The most common side effects seen with mirabegron were headache, high blood pressure, urinary infection, and upper respiratory infections.

After medications, some people with OAB turn to surgery or implantable neuromodulation devices that send mild electrical pulses to the nerve influencing bladder control muscles. Some urologists are also using botulinum toxin injections "off-label" to treat OAB. Off-label refers to drugs that are prescribed for conditions that haven't been approved by the FDA. Behavioral changes including diet changes and pelvic muscle exercises.

AUA spokesman Tomas L. Griebling, MD, MPH, the vice chair of urology at the University of Kansas Medical Center in Kansas City, Kan., tells WebMD that it “is pretty significant to have a new drug in a completely different class.”
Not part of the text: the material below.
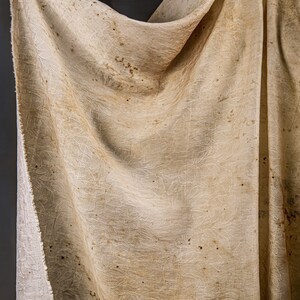 May include: A beige fabric with a textured pattern and brown spots. The fabric is draped over a hand.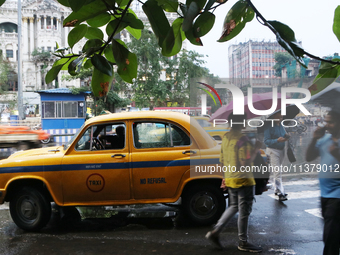 People are holding umbrellas and walking on a busy road in the monsoon rain in Kolkata, India, on July 2, 2024. (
He says that “there is very good data to show that significant OAB symptoms have a negative impact on quality of life and can be associated with depression, and [these symptoms] limit social activity, and people don’t go out of home or shopping or to the theater,” he says.  “If they have those problems and if they have tried other therapies that don’t work or developed side effects, this represents another alternative.”
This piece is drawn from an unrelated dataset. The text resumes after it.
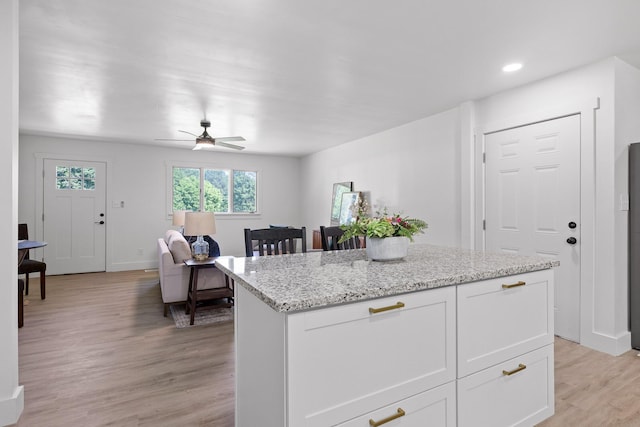 1795 Dowdy Rd, Cleveland, TN 37323 - kitchen featuring light wood-style floors, a ceiling fan, a kitchen island, light stone countertops, and white cabinets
OAB Affects Quality of Life

Donnica Moore, MD, a women's health expert and president of Sapphire Women's Health Group in Far Hills, N.J., agrees that untreated OAB can have a devastating effect on a person’s quality of life.

“People with mild OAB may be waking two or three times a night to use a toilet, and that means sleep is significantly disrupted,” she says. “If you have moderate to severe OAB, you may be going to the bathroom several times and hour, and you have to know where all bathrooms are at all times.”

“This becomes a huge issue of convenience, embarrassment, and social disruption,” she says.

“Any time a new treatment becomes available, it increases the number of choices we have to provide optimal therapy to more OAB patients,” she says.

This study was presented at a medical conference. The findings should be considered preliminary as they have not yet undergone the "peer review" process, in which outside experts scrutinize the data prior to publication in a medical journal.